§ **TASK PROMPT**
Each record, word for word and stripped of pictures, is what the answer should contain.

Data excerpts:
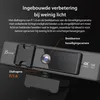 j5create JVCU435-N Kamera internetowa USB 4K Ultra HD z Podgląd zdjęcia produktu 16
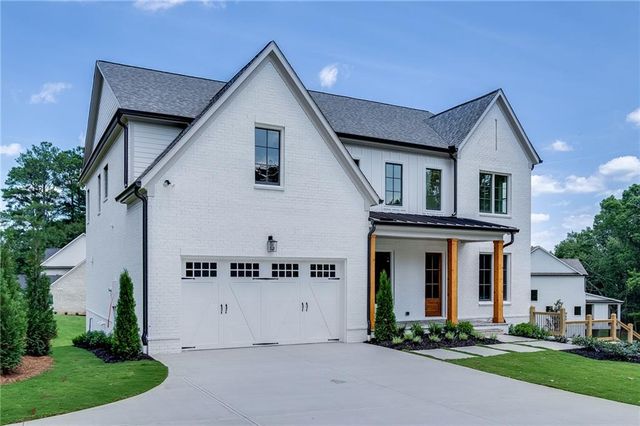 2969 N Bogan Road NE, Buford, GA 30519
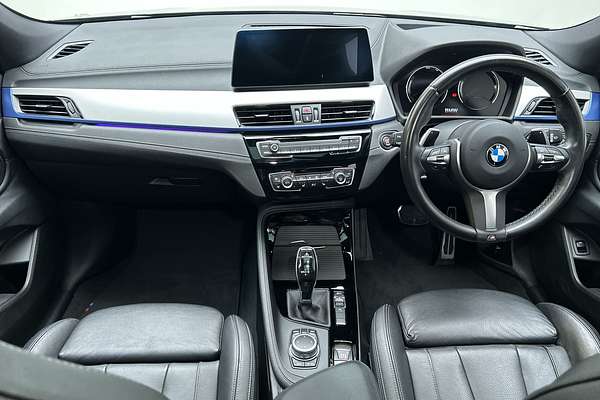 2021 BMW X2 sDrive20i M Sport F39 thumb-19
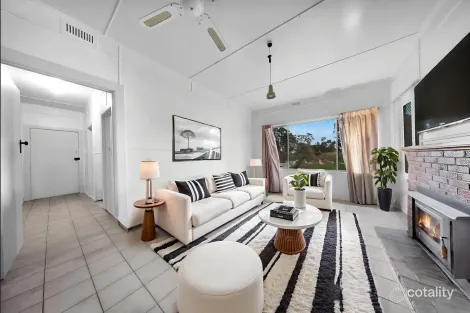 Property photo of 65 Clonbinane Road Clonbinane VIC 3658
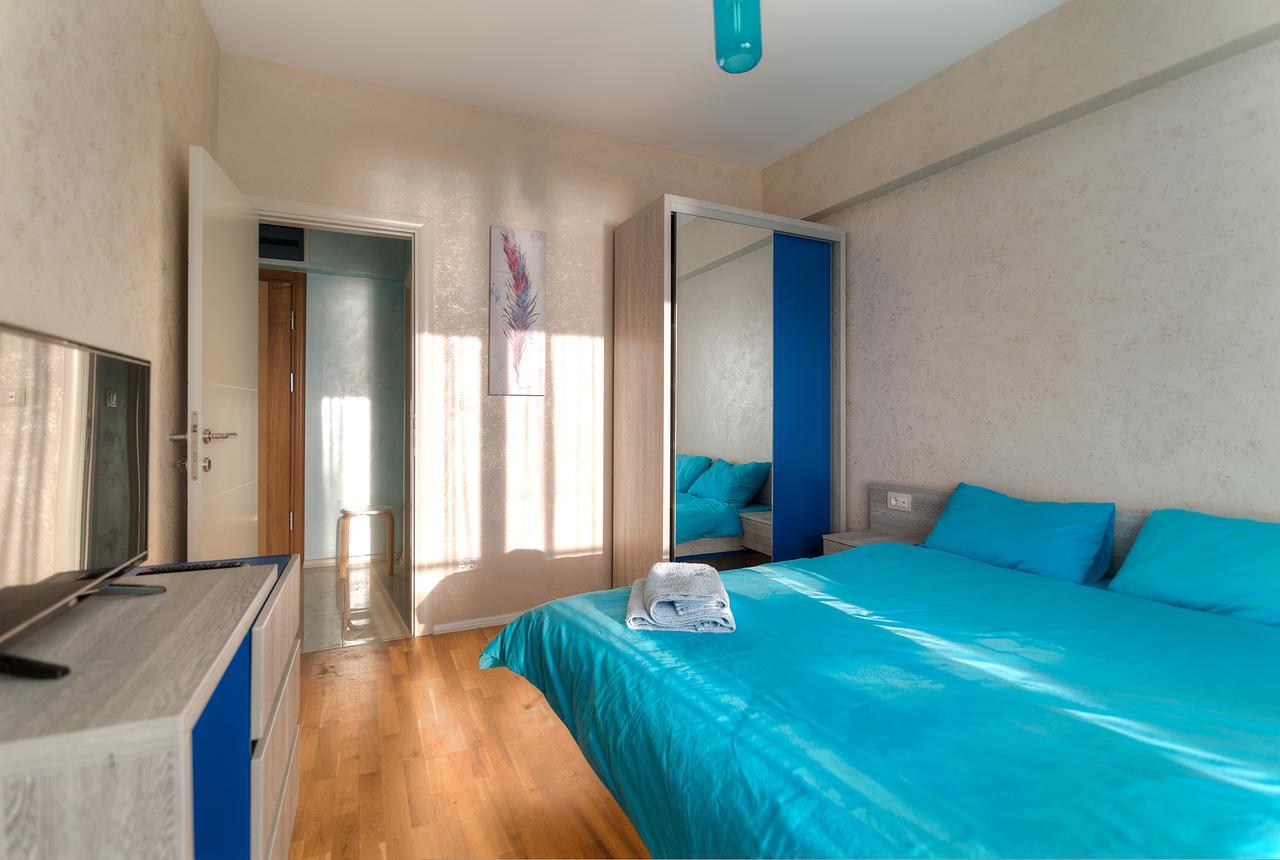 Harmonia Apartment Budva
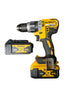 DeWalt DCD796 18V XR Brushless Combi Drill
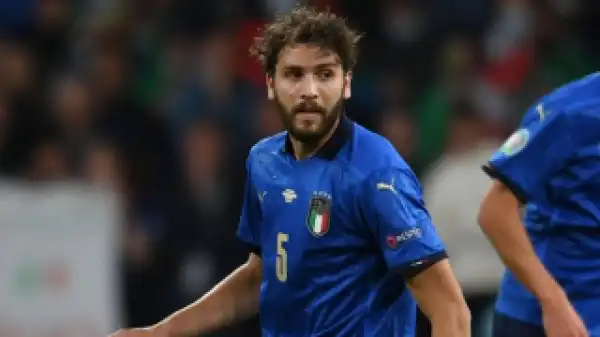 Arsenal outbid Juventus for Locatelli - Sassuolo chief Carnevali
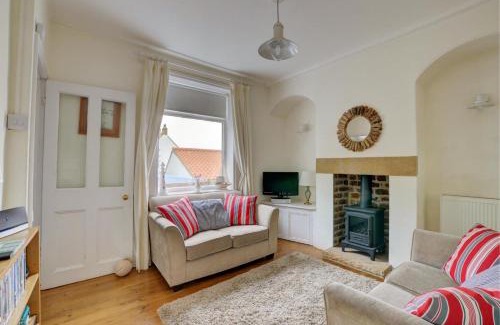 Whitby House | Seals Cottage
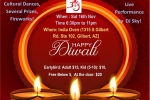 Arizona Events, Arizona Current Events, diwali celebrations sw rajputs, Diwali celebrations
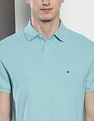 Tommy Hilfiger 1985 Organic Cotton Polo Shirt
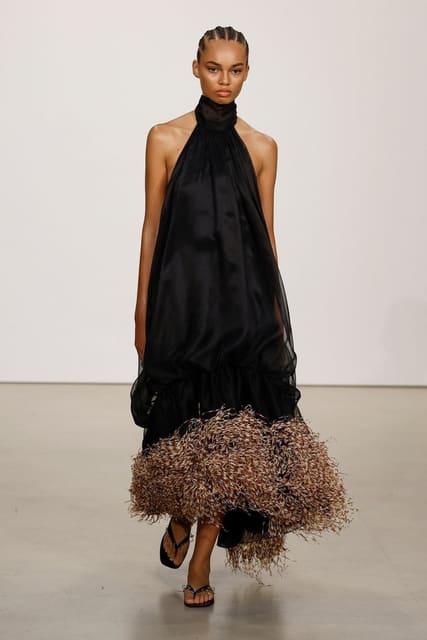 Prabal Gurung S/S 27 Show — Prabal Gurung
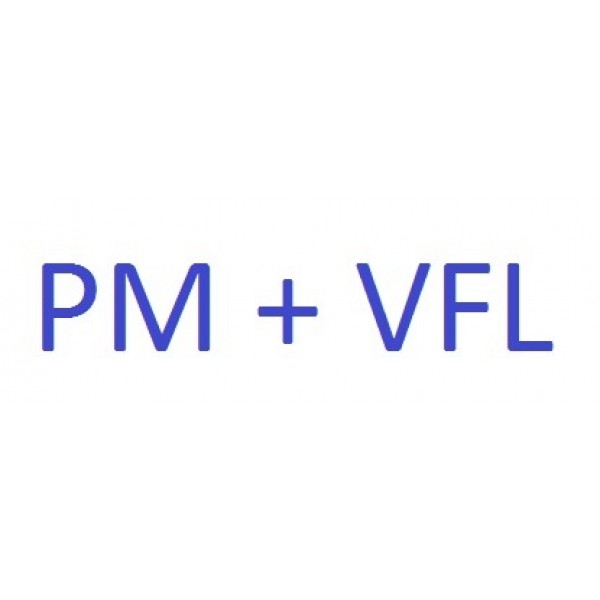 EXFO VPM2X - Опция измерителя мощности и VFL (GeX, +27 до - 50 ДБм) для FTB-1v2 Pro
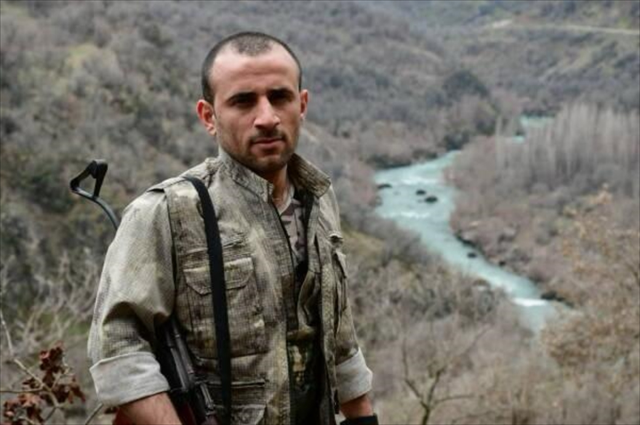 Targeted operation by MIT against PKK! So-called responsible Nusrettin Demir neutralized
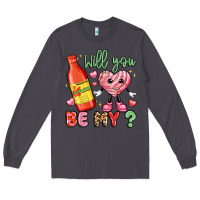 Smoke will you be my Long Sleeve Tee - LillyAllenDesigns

§ **WRITTEN ANSWER**
 j5create JVCU435-N Kamera internetowa USB 4K Ultra HD z Podgląd zdjęcia produktu 16
 2969 N Bogan Road NE, Buford, GA 30519
 2021 BMW X2 sDrive20i M Sport F39 thumb-19
 Property photo of 65 Clonbinane Road Clonbinane VIC 3658
 Harmonia Apartment Budva
 DeWalt DCD796 18V XR Brushless Combi Drill
 Arsenal outbid Juventus for Locatelli - Sassuolo chief Carnevali
 Whitby House | Seals Cottage
 Arizona Events, Arizona Current Events, diwali celebrations sw rajputs, Diwali celebrations
 Tommy Hilfiger 1985 Organic Cotton Polo Shirt
 Prabal Gurung S/S 27 Show — Prabal Gurung
 EXFO VPM2X - Опция измерителя мощности и VFL (GeX, +27 до - 50 ДБм) для FTB-1v2 Pro
 Targeted operation by MIT against PKK! So-called responsible Nusrettin Demir neutralized
 Smoke will you be my Long Sleeve Tee - LillyAllenDesigns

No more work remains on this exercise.